Goal of the exercise: Below are records; please write out exactly the lines from the first line through the line containing "5.54ct Round F VVS2 Lab-Grown Diamond", with no pictures.

Stored entries:

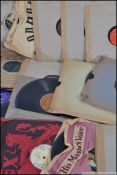 A collection of 78rpm records of various genres to include Popular, Jazz,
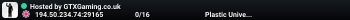 Hosted by GTXGaming.co.uk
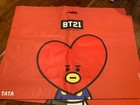 BTS BT21 TATA VAN Alien Large Shopping Bag set of 2 Pre-Owned 26.5" x 21.25" — photo 3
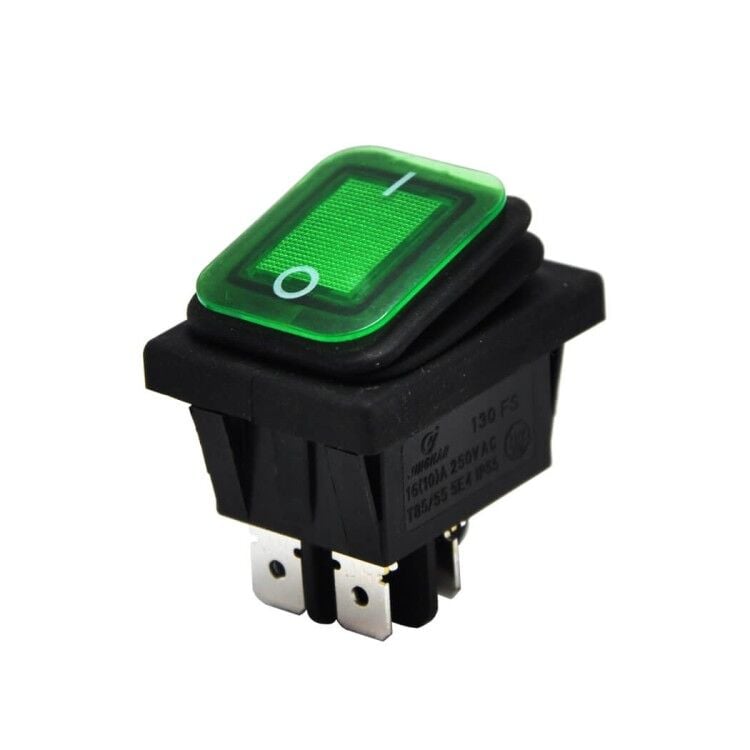 IC-104W Geniş Körüklü Yeşil Işıklı Anahtar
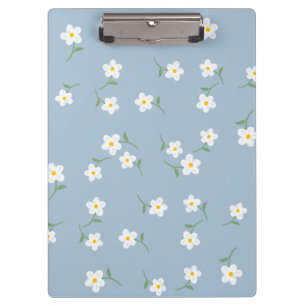 staubige Daisy Blumen Klemmbrett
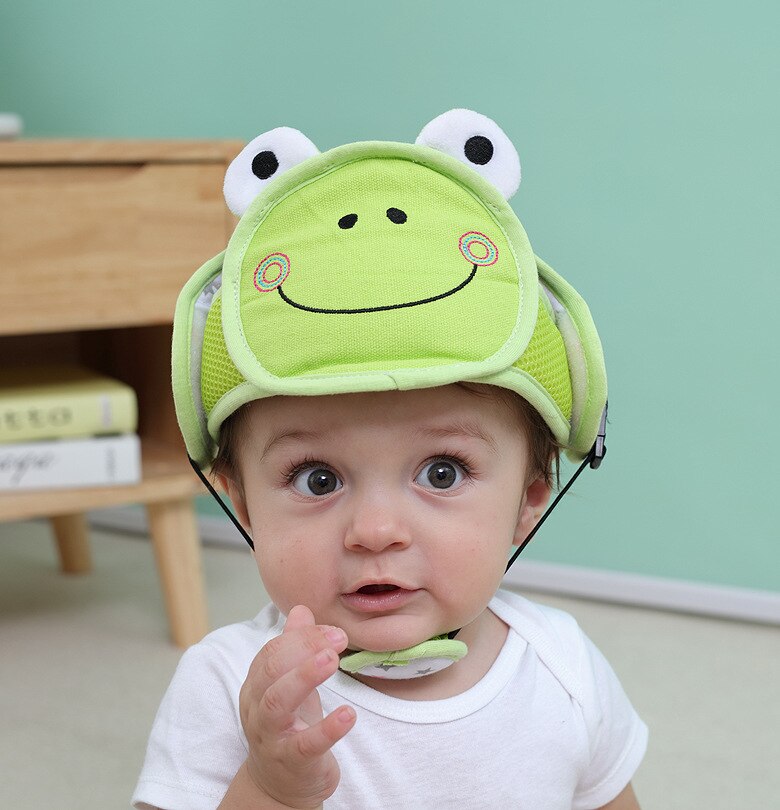 Imbaby baby hovedbeskyttelse hat pude baby lille barn anti-fald hat hoved beskyttelse børnesikkerhed hjelm pude til baby wallker: Frø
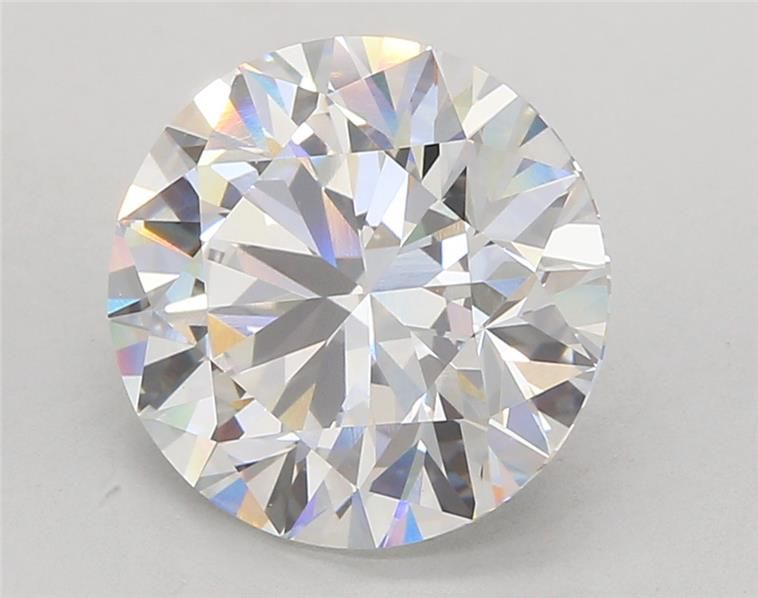 5.54ct Round F VVS2 Lab-Grown Diamond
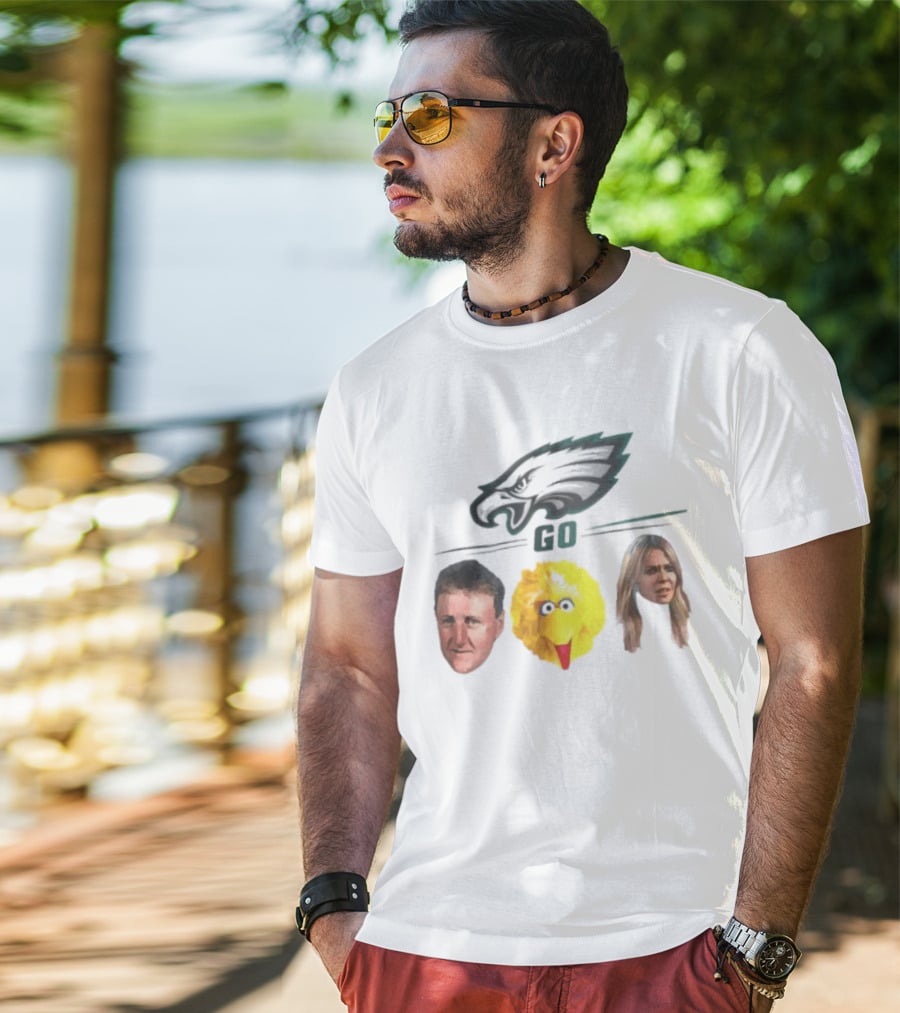 Philadelphia Eagles Go Birds Larry Bird Big Bird The Bird T-Shirt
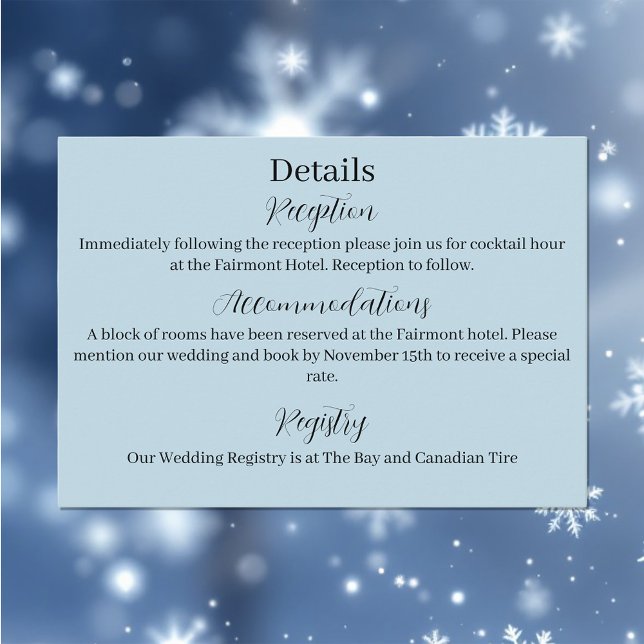 White Winter Dragon Snowflakes Blue Enclosure Card (Creator Uploaded)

Answer below:
 A collection of 78rpm records of various genres to include Popular, Jazz,
 Hosted by GTXGaming.co.uk
 BTS BT21 TATA VAN Alien Large Shopping Bag set of 2 Pre-Owned 26.5" x 21.25" — photo 3
 IC-104W Geniş Körüklü Yeşil Işıklı Anahtar
 staubige Daisy Blumen Klemmbrett
 Imbaby baby hovedbeskyttelse hat pude baby lille barn anti-fald hat hoved beskyttelse børnesikkerhed hjelm pude til baby wallker: Frø
 5.54ct Round F VVS2 Lab-Grown Diamond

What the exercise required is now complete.